Recorded data
:::
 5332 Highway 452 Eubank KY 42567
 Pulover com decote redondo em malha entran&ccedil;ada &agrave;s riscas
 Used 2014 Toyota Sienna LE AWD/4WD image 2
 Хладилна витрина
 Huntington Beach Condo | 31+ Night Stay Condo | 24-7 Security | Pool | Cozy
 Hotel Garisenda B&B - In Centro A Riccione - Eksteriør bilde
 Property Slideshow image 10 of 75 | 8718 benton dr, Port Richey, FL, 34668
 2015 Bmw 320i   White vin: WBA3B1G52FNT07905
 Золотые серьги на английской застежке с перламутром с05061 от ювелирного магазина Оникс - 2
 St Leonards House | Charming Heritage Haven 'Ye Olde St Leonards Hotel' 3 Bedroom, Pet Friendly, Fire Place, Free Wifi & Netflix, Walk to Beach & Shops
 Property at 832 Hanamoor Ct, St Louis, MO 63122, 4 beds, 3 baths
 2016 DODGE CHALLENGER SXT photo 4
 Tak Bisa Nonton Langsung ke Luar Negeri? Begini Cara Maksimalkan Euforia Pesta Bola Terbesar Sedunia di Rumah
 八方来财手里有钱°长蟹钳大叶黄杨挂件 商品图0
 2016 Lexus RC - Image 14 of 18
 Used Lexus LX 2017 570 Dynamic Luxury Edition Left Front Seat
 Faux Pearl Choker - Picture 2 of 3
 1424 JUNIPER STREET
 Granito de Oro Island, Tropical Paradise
:::
### Your assignment
An exact copy of the lines from the one containing "2016 DODGE CHALLENGER SXT photo 4" through the end of the entries is required, and nothing beyond them.

### Output below
 2016 DODGE CHALLENGER SXT photo 4
 Tak Bisa Nonton Langsung ke Luar Negeri? Begini Cara Maksimalkan Euforia Pesta Bola Terbesar Sedunia di Rumah
 八方来财手里有钱°长蟹钳大叶黄杨挂件 商品图0
 2016 Lexus RC - Image 14 of 18
 Used Lexus LX 2017 570 Dynamic Luxury Edition Left Front Seat
 Faux Pearl Choker - Picture 2 of 3
 1424 JUNIPER STREET
 Granito de Oro Island, Tropical Paradise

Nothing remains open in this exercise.